━━━━━ Source material

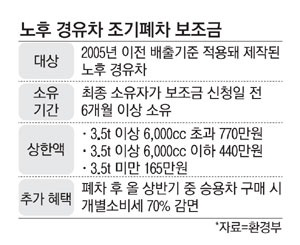노후 경유차 폐차지원금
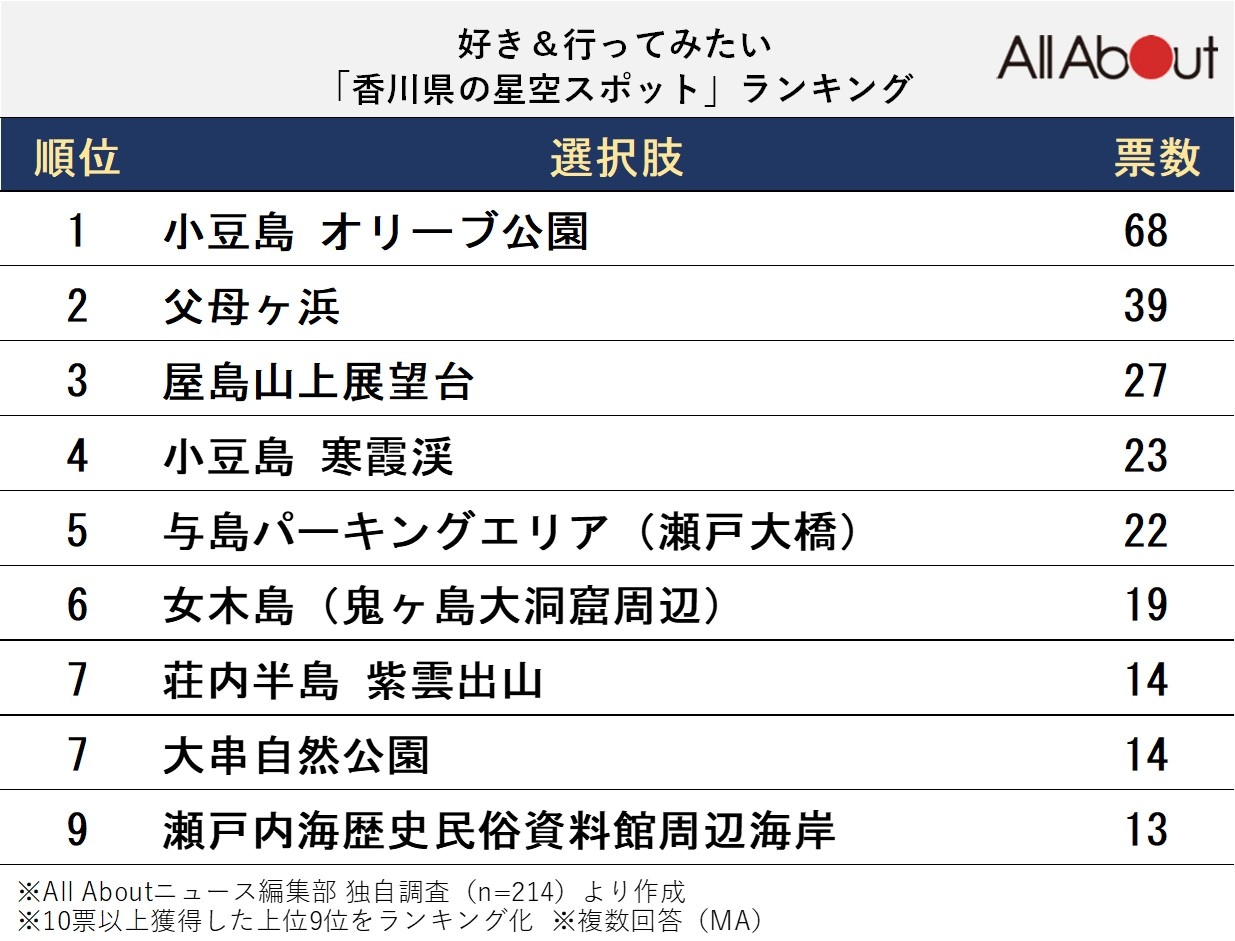 好き＆行ってみたい「香川県の星空スポット」ランキング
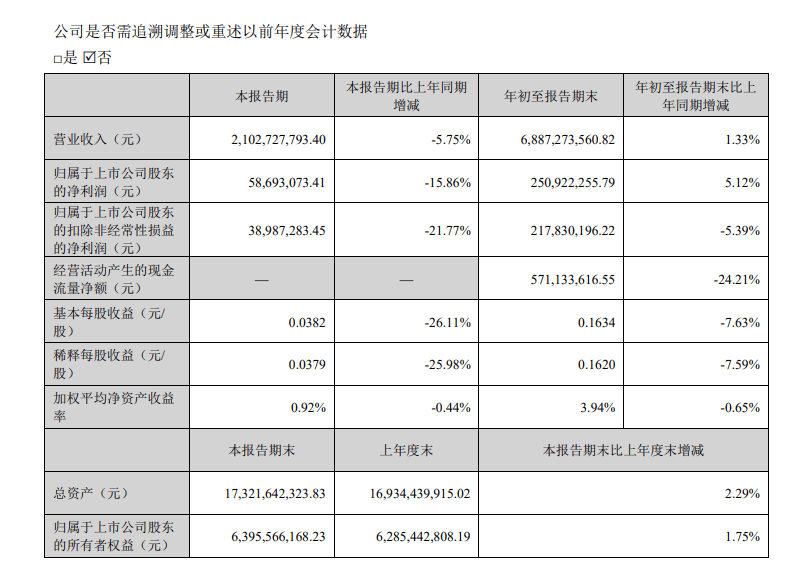 阿联酋Lulu集团第二季度净利润小幅增长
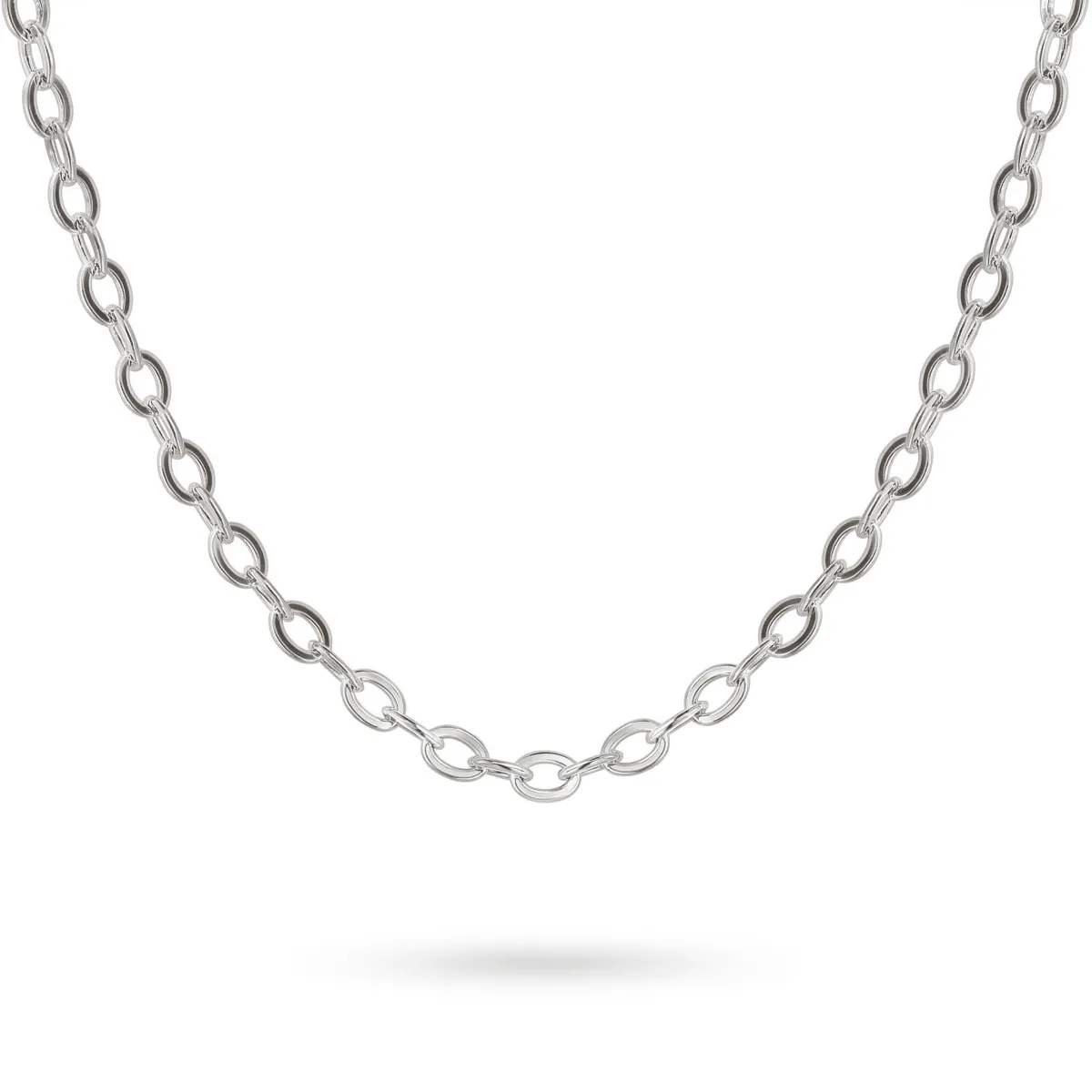 Łańcuch ogniw - możliwość dostosowania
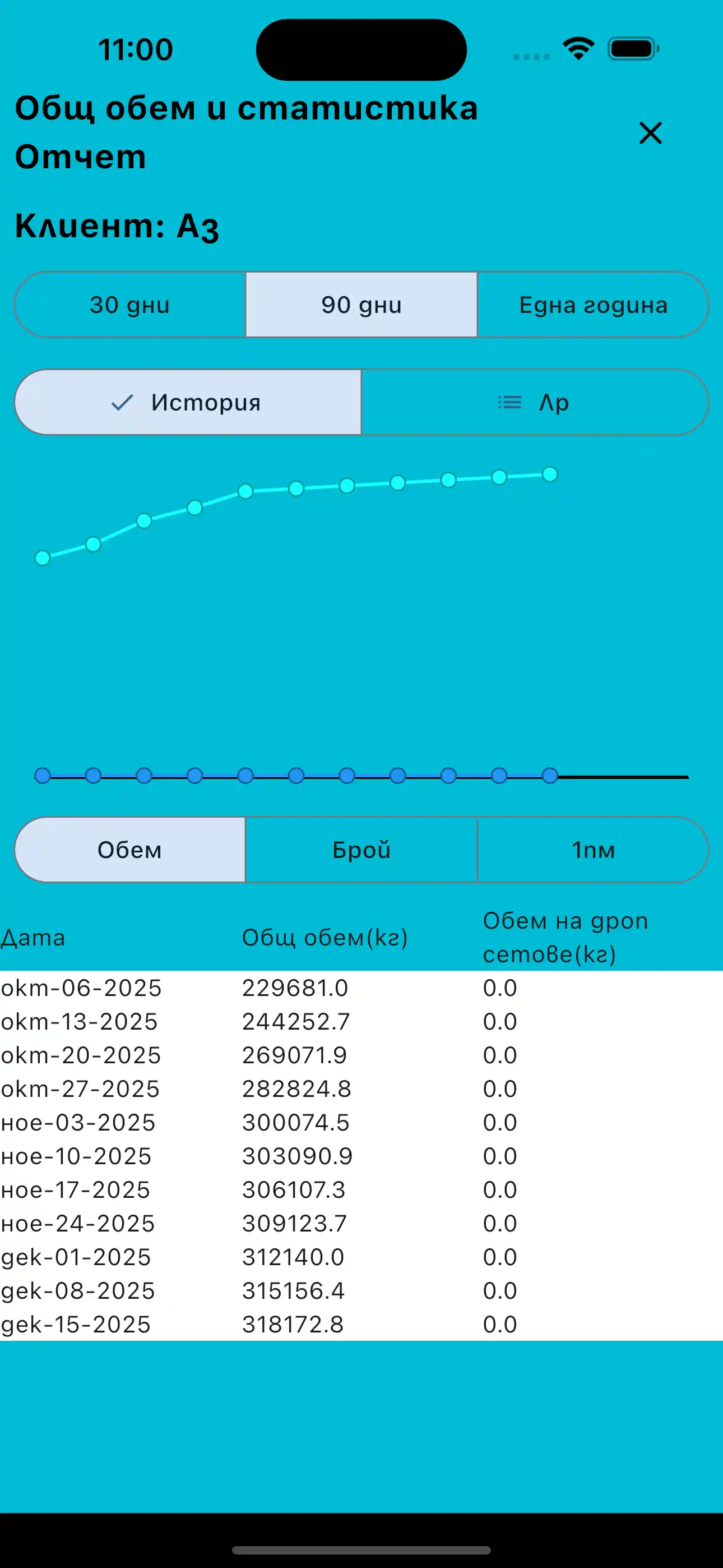 Екранна снимка на iPhone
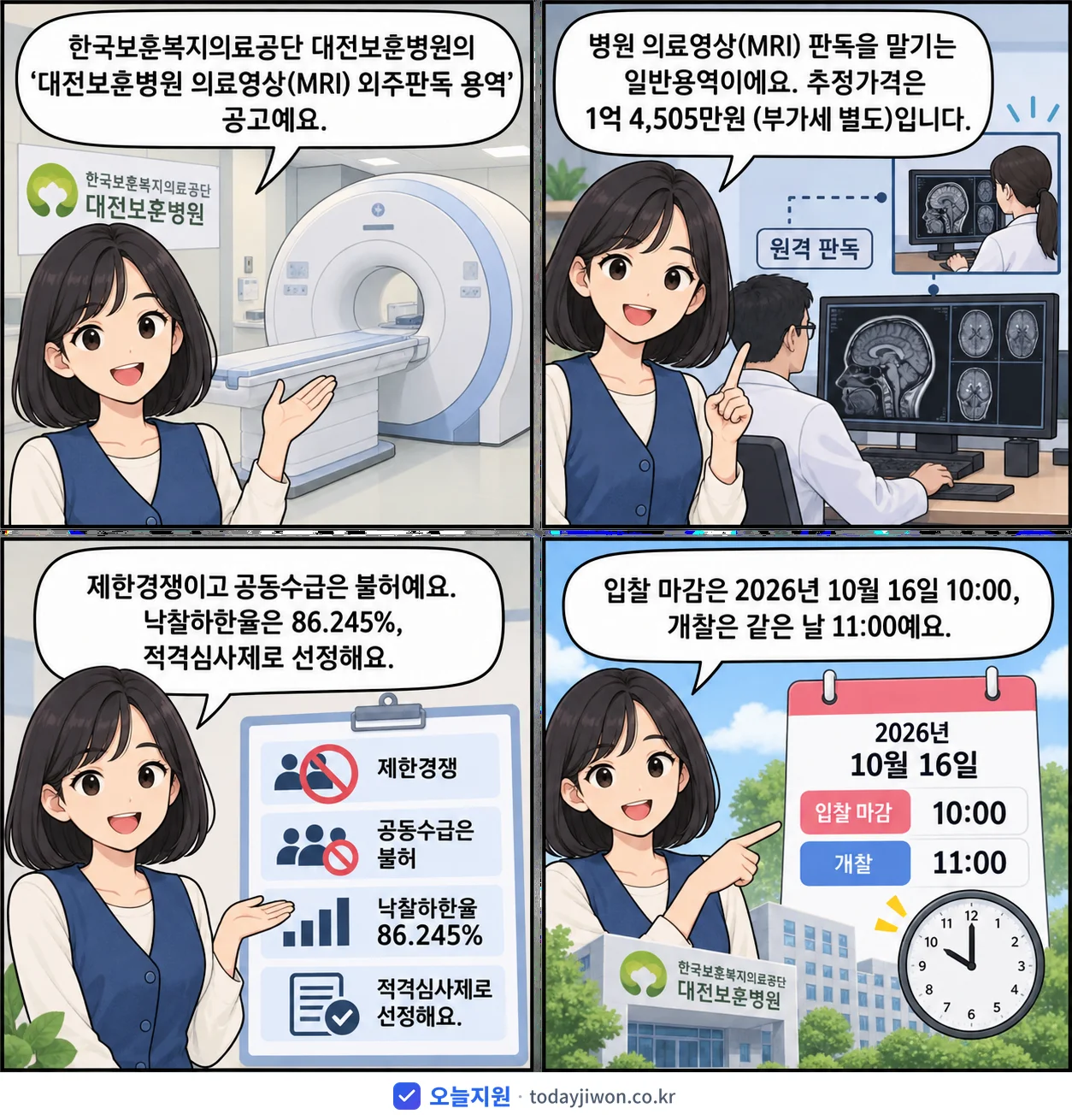 4컷 만화로 보는 공고: 한국보훈복지의료공단 대전보훈병원 '대전보훈병원 의료영상(MRI) 외주판독 용역', 추정가격 1억 4,505만원, 입찰 마감 10/16 10:00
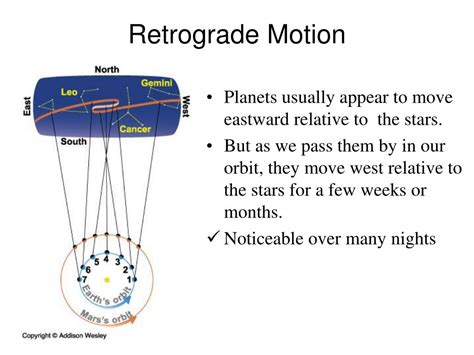 Retrograde motion example - homenorthwest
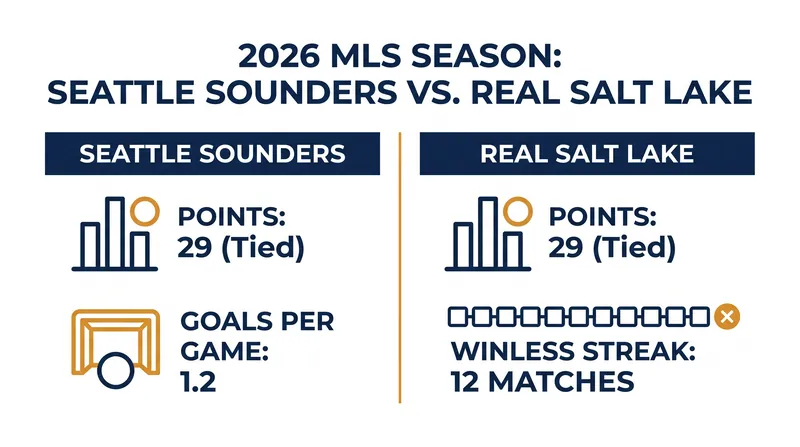 Both clubs enter the match tied at 29 points, though Real Salt Lake carries a longer winless drought.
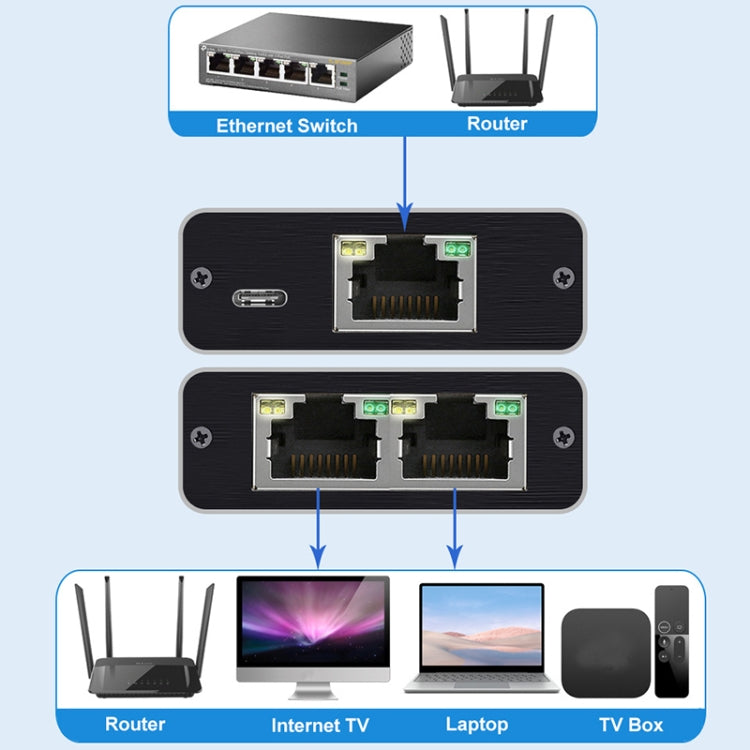 OZHW3 RJ45 1 to 2 Splitter Adapter Network 1000M LAN Ethernet Female Connector - Network Hubs by buy2fix | Online Shopping UK | buy2fix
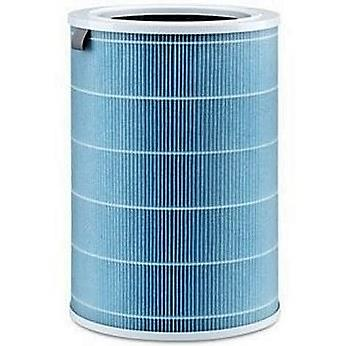 Ilustracja do odpowiedzi D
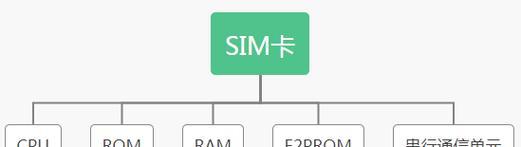 平板电脑如何正确插入SIM卡？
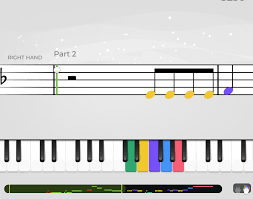 When reading music, the meter is presented similar to a fraction, with a top number and a bottom number, we call this the song's time signature. How To Play The Piano A Beginners Guide Yousician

━━━━━━━━━━

#### What the task asks
In the records above, locate the line with "好き＆行ってみたい「香川県の星空スポット」ランキング"; output it and each line after it through the last one, exactly, omitting pictures.

#### Answer below
 好き＆行ってみたい「香川県の星空スポット」ランキング
 阿联酋Lulu集团第二季度净利润小幅增长
 Łańcuch ogniw - możliwość dostosowania
 Екранна снимка на iPhone
 4컷 만화로 보는 공고: 한국보훈복지의료공단 대전보훈병원 '대전보훈병원 의료영상(MRI) 외주판독 용역', 추정가격 1억 4,505만원, 입찰 마감 10/16 10:00
 Retrograde motion example - homenorthwest
 Both clubs enter the match tied at 29 points, though Real Salt Lake carries a longer winless drought.
 OZHW3 RJ45 1 to 2 Splitter Adapter Network 1000M LAN Ethernet Female Connector - Network Hubs by buy2fix | Online Shopping UK | buy2fix
 Ilustracja do odpowiedzi D
 平板电脑如何正确插入SIM卡？
 When reading music, the meter is presented similar to a fraction, with a top number and a bottom number, we call this the song's time signature. How To Play The Piano A Beginners Guide Yousician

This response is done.